In the early part of the 19th century animal remains including mammoth tusks, reindeer antlers and arctic shells were found in a pit near Kilmaurs. The fossils were obtained from beds of sand and clay beneath till. A mammoth tusk gave a radiocarbon date of 13700 (+ 1300, –1700) years B.P., but a reindeer antler believed to come from the same deposits was found to have a radiocarbon date of >40000 years B.P.

Since it is possible that one or more of the dated fossils from Kilmaurs and Bishopbriggs have been derived from pre-existing sediments the stratigraphic significance of the material is limited. In addition doubt has been cast on the validity of the radiocarbon dates (Sissons, 1981) and until either of the finite dates can be confirmed conclusions drawn about the limits of the ice-sheet at those dates must be tentative.

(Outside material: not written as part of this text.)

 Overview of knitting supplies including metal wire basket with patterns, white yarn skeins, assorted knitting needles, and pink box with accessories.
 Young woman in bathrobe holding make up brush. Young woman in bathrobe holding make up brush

At Burn of Benholm, near Johnshaven in Kincardineshire lenses of peat intercalated in the basal part of the till have been dated by radiocarbon measurements at >42000 years B.P. The pollen analyses of the samples indicate a tundra environment and the peat is interpreted as being of Early or Middle Devensian age incorporated in a Late Devensian till. At some time during the Devensian glaciation Scandinavian erratics were transported across the North Sea, perhaps indirectly, and were deposited in NE Scotland.

Glaciation

The last glaciation to affect the Midland Valley occurred in the latter part of the Devensian Stage. The ice-sheet spread into the Midland Valley from centres in the western part of the Grampian Highlands and to a lesser extent from the Southern Uplands. The direction of ice movement is shown in Figure

39. The ice-sheet is thought to have reached its maximum development about 18 000 years B.P. when the entire region was buried beneath a thick cover of ice. Estimates of the maximum height of the ice-sheet surface are of the order of 1500 to 1800 m.

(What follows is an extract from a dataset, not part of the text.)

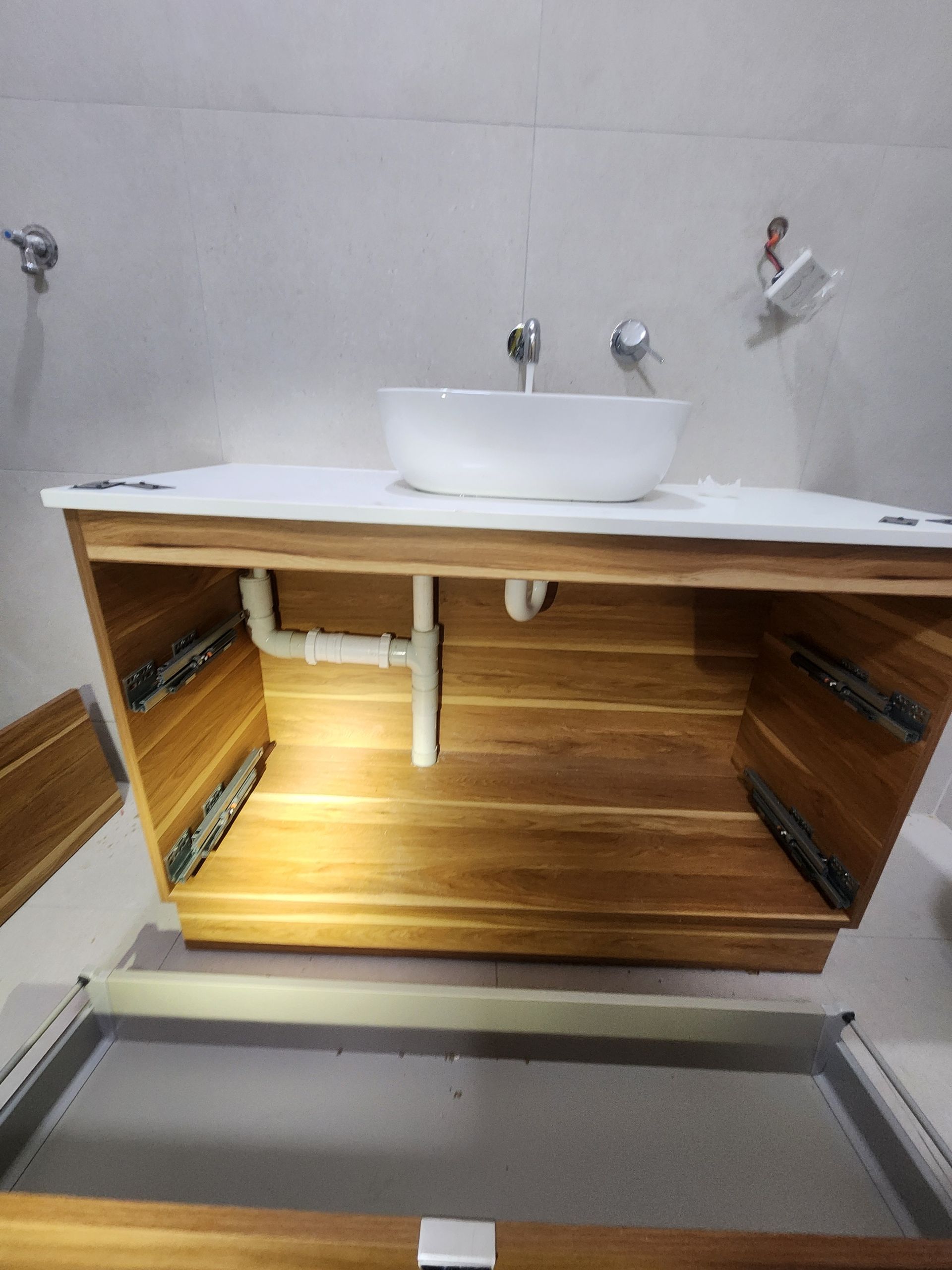 A White Toilet Sits in an Unfinished Room With Various Plumbing Tools — Kingdom Plumbing Services in Gordonvale, QLD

Towards the end of the Devensian a period of climatic amelioration caused the ice-sheet to retreat and vegetation colonised the exposed surface. Radiocarbon dates indicate that the Midland Valley was free of ice shortly after 13000 years B.P., but a deterioration in the climate allowed glaciers to form again in the Grampians and locally in the western part of the Southern Uplands. Glacial encroachment into the Midland Valley occurred in the upper parts of the Teith and Forth valleys and south-east of Loch Lomond (P915549). This episode is known as the Loch Lomond Readvance and it occurred between about 11000 and 10300 years B.P.

The climatic conditions between the glacial retreat and the Loch Lomond Readvance, according to the evidence of the Coleoptera, are thought to have been comparable to the present day between 13 000 and 12 000 years B.P., but deteriorated thereafter. The interval is known as the Windermere or Late Glacial Interstadial and the episode which includes the Loch Lomond Readvance is referred to as the Loch Lomond Stadial.

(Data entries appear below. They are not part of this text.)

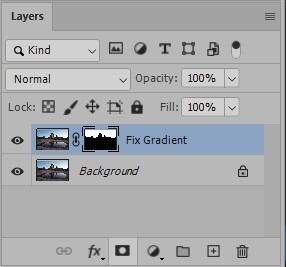 Screenshot of Photoshop Layers panel showing two layers: a selected gradient adjustment layer above a locked background layer with a landscape photo.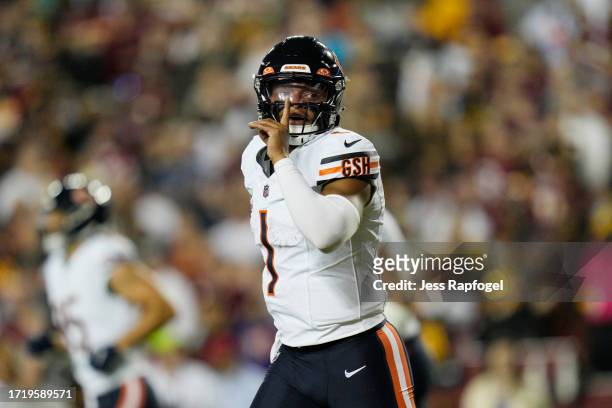 Justin Fields of the Chicago Bears gestures after scoring a touchdown during the first quarter against the Washington Commanders at FedExField on...
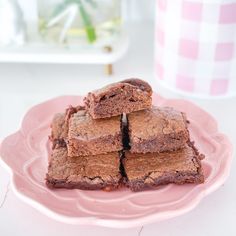 brownies stacked on top of each other on a pink plate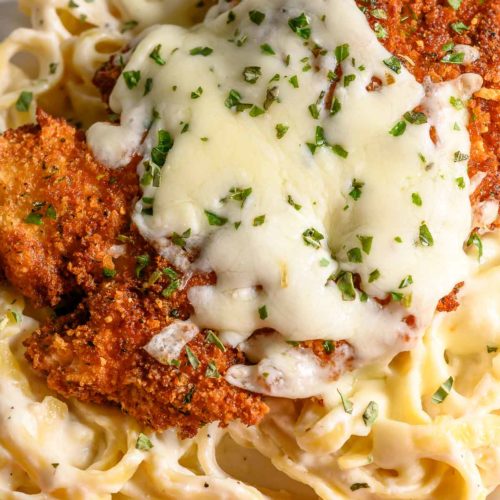 crispy panko fried chicken over pasta and topped with melted cheese.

Other readvances of the ice have been postulated by various authors but the Loch Lomond Readvance is at present the only generally accepted major glacial readvance known to have affected the Midland Valley.

A rapid improvement in the climate at the end of the Devensian brought glaciation to an end.

Glacial erosion

The movement of ice across the landscape caused considerable modification to the topography and the most intense erosion occurred in the valleys in the vicinity of the ice dispersion centres in the Highlands. Glacial erosion features in the Midland Valley are numerous but usually less dramatic. However, where there were constrictions or obstructions to ice movement the amount of erosion was considerable. The glaciated landforms may relate to more than one glaciation.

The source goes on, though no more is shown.